You don't know his name, but Bahman Mohassess was a titan -- a publicly gay, happily misanthropic midcentury Persian art-world powerhouse whose brutally Expressionist paintings ring up six figures at auctions today, and who galvanized his reputation by mysteriously vanishing from Iran for good after the ayatollahs had much of his work destroyed.
The man's Pynchon-esque absence gets punctured years later by Mitra Farahani, who tracks Mohassess down to a Rome hotel and settles in to shape the chain-smoking septuagenarian's final testament.
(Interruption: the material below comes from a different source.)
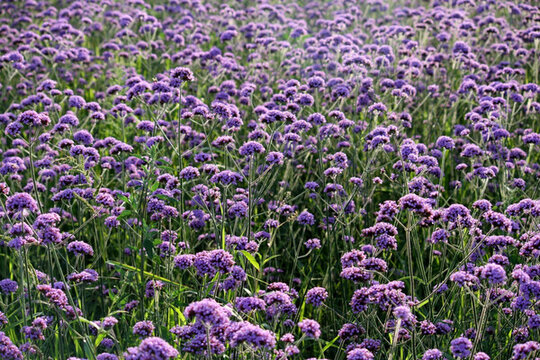 野花 山花 花海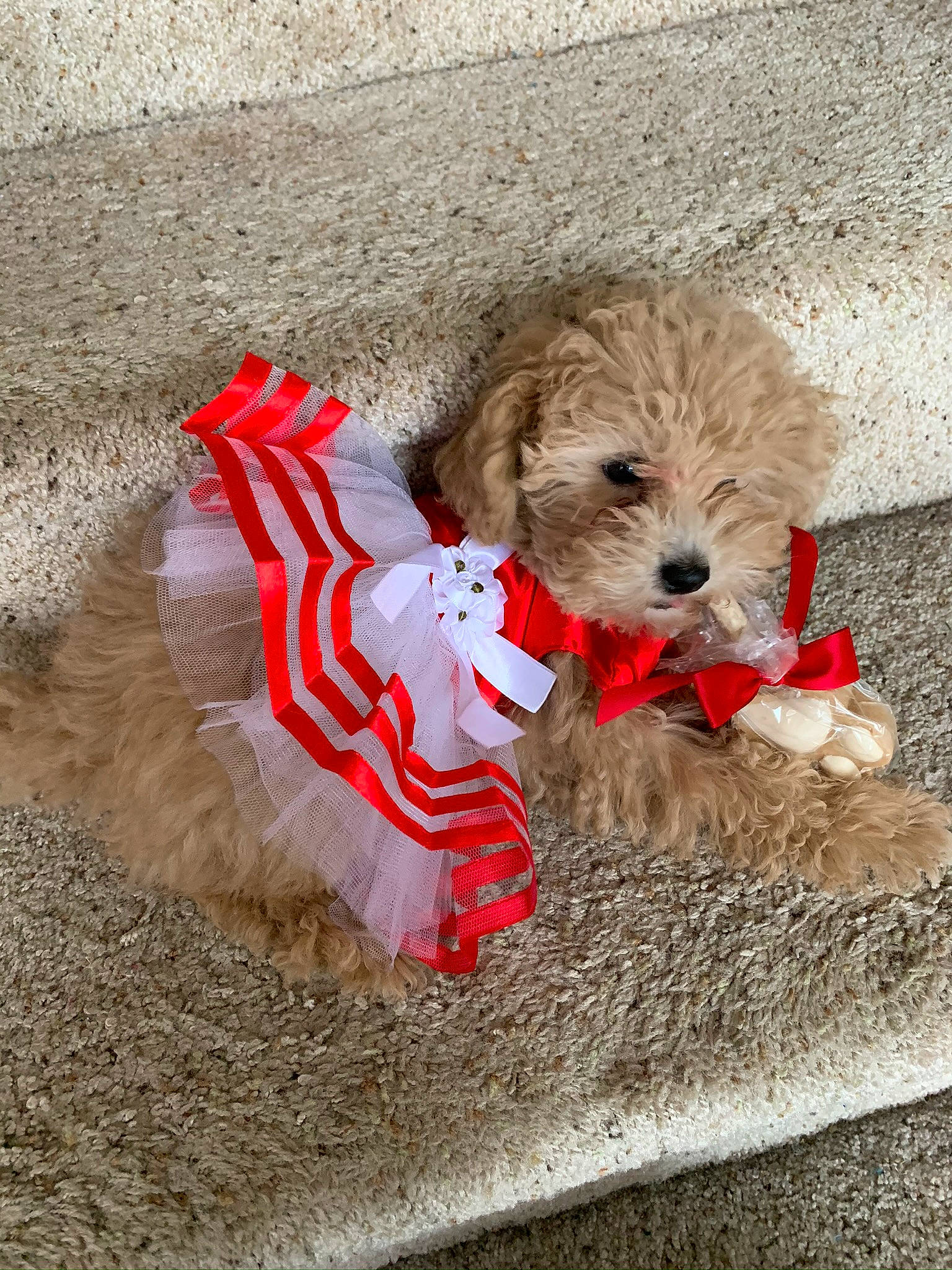 Sophie joined the competition — help win amazing prizes! canidae, carnivore, collar, companion_dog, dog, dog_breed, dog_clothes, dog_collar, dog_supply, fur, maltepoo, non_sporting_group, pet_supply, puppy, small_terrier, snout, sporting_group, toy_dog, vertebrate, working_animal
The resulting documentary is never less than addictively fascinating -- Mohassess's story is a heroic torch of individualism battling mad-state ideology, from the Shah to the mullahs, and his autumnal stance toward all things non-Mohassess is hilariously derisive.
But Farahani pushes the saga into even more beautiful territory, sweetly nurturing the old fart and negotiating a large commission from a pair of rich Iranian brothers (one Allen Ginsberg schlubby, the other Jimmy Fallon svelte), as she obediently allows Mohassess to control what goes into her film, and Greek-choruses his final struggle by retelling Balzac's "The Unknown Masterpiece." The lovely ball-&-socket meeting of the two artists' sensibilities is what makes the doc sing, even if it is a chronicle of a death foretold.